It is this last that sets the local government scandal apart. Membership of the shadowy organisation all too often seems to be a prerequisite for anyone handing out council grants, awarding planning permission, issuing service contracts, offering jobs.

The daddy of local corruption scandals, the Poulson affair, was riddled with Freemasonry. Poulson flapped his apron and rolled his trousers at the local lodge as did many of his associates.

Freemasonry and backhanders, of course, do not necessarily go hand in hand. But secrecy and extensive membership lists mean suspicion is always present.

In 1992, in a survey of his Sunderland constituency, Chris Mullin MP found 29 lodges with a membership of 1,597. Lodge 5,841, the civic centre branch, was located just 100 yards from the headquarters of the borough council and had 62 members.

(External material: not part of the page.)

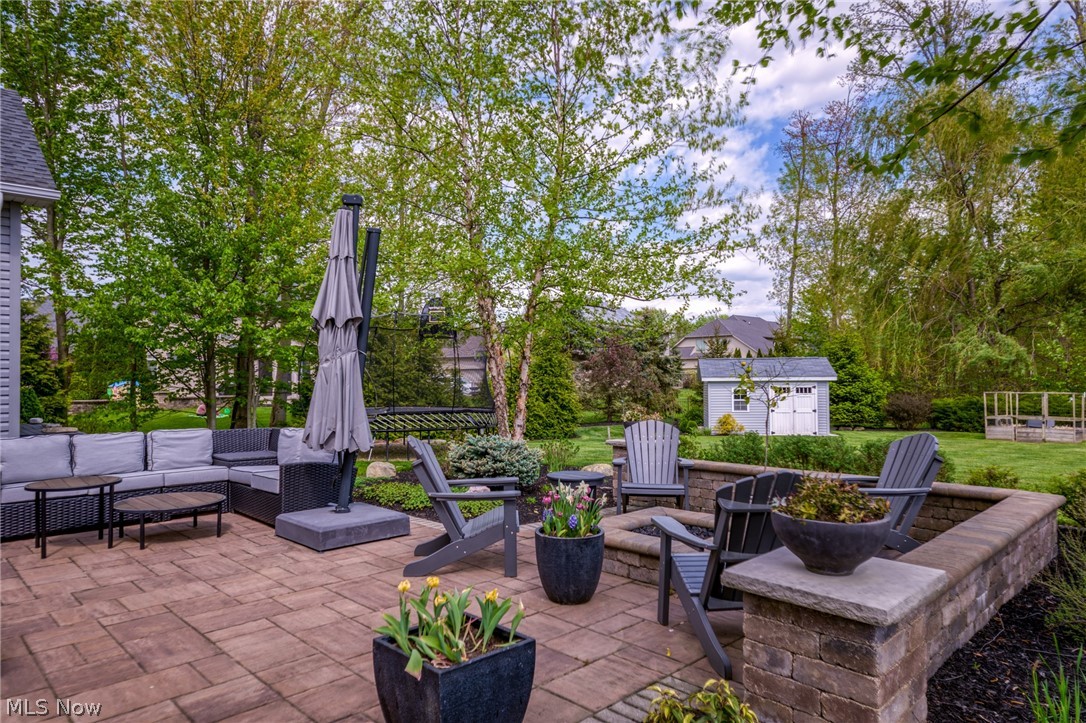 Country Club Estates - Residential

Looking through the pages of the Masonic handbook, Mr Mullin came across every channel of civic influence in Sunderland: the former chief executive of the borough council; a former Tory council leader; former directors of housing and architecture; policemen and magistrates.

Only last month, elections on the Isle of Wight were rocked by the resignation of a planning chairman from the council and Tory party because he could no longer take the pressure from a Masonic cabal on the council. Albert Annett claimed that 12 of the 18 ruling Tory group on Medina council were Masons. "You do not sit there for five years as committee chairman without knowing what is going on," he said. "It really came home to me when I was told that the local lodge had informed people not to vote for me because a decision had not pleased them."

In another south of England shire council, 34 of the 39 Tory members are Freemasons.

There is nothing wrong with that - provided it is all open. The days of secrecy may be ending, however, as Lord Nolan has indicated that his inquiry into standards in public life will look into the Masons and a requirement that membership be disclosed. Local politics will never be the same.